I’m sure many fantasy writers have heard their genre described by readers and other authors as “making shit up.” As in, “I could write fantasy. It’s just making shit up.” I can’t answer for the reactions of every fantasy writer who’s heard this, but I know it always pissed me off. Making shit up? Well, yeah, that’s what *fiction* writers do… all of them. But this strange idea is only applied to those of us who write fantasy. Or sci-fi depending, but that’s a whole other post.
To be fair, a lot of beginning fantasy writers think this, too. I’ve seen it everywhere. On several of the many writing forums on the web, in a few blogs that shall go nameless, over on the NaNo boards. Some of these people are honestly ignorant. They just don’t realize the kind of work that goes into creating a believable fantasy world. Others are lazy. They feel they can get away with making shit up, because who is there to catch them? The readers, sure, but the Fantasy Fabulation PoliceTM aren’t going to show up at their house and beat some work ethic into them.

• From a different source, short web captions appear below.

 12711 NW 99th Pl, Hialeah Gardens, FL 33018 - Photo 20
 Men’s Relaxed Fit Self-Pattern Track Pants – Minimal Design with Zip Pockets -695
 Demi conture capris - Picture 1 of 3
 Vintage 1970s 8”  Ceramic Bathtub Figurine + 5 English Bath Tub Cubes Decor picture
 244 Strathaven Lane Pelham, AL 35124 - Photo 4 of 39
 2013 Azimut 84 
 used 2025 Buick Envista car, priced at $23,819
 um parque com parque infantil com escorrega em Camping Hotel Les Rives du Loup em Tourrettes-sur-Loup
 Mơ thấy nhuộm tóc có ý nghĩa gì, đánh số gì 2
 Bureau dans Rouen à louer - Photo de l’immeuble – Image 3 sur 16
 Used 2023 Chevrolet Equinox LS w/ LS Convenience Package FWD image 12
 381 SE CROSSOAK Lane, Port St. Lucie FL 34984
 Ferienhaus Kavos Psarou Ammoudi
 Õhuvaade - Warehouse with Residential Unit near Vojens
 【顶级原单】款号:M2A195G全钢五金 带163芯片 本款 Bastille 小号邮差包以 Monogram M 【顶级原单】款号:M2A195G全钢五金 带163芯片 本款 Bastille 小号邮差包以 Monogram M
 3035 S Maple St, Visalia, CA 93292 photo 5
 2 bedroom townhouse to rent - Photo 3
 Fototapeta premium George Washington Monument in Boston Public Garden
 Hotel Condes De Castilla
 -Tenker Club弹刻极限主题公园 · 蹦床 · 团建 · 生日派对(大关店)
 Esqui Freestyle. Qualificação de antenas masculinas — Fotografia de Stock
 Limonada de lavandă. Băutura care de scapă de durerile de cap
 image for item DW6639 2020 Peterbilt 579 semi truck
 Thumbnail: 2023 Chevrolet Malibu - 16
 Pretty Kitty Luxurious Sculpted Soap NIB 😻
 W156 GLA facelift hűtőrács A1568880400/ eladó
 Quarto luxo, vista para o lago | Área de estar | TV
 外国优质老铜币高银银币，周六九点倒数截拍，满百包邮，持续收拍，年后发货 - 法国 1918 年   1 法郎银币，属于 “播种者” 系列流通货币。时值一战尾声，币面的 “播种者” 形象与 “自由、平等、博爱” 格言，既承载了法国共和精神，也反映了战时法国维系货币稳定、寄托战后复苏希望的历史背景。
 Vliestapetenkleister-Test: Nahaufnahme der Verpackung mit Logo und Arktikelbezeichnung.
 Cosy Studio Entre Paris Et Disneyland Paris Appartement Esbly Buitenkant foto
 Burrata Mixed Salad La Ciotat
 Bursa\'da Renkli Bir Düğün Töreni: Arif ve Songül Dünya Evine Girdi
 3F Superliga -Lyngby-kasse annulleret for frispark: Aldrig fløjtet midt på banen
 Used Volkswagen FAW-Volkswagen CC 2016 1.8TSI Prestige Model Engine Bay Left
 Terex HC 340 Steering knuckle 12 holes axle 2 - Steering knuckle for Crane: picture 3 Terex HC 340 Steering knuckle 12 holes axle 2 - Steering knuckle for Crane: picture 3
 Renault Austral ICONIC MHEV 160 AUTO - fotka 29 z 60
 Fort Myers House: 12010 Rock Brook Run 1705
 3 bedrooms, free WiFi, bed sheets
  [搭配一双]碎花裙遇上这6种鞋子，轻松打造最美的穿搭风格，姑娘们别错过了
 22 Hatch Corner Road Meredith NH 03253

And then, finally, there are the people who are on the “make it up as you go” side of the world-building debate. I mean them no disrespect. They’ve chosen a method and they feel it works for them. Whether or not someone has the chops for this sort of writing is a debate I’d rather not get into (again). Heaven forbid someone make subjective statements about someone else’s behavior. On the Interwebz? Shouldn’t happen.
But hey, I have no trouble admitting there have been many great books written like this. Not how I do it, but then, I haven’t sold tens of thousands of copies of over twenty different novels. I’m not going into the mechanics of world-building on the fly. I may be a punster when I write, but I have files and files of world-building material on paper, on disk, and in my head.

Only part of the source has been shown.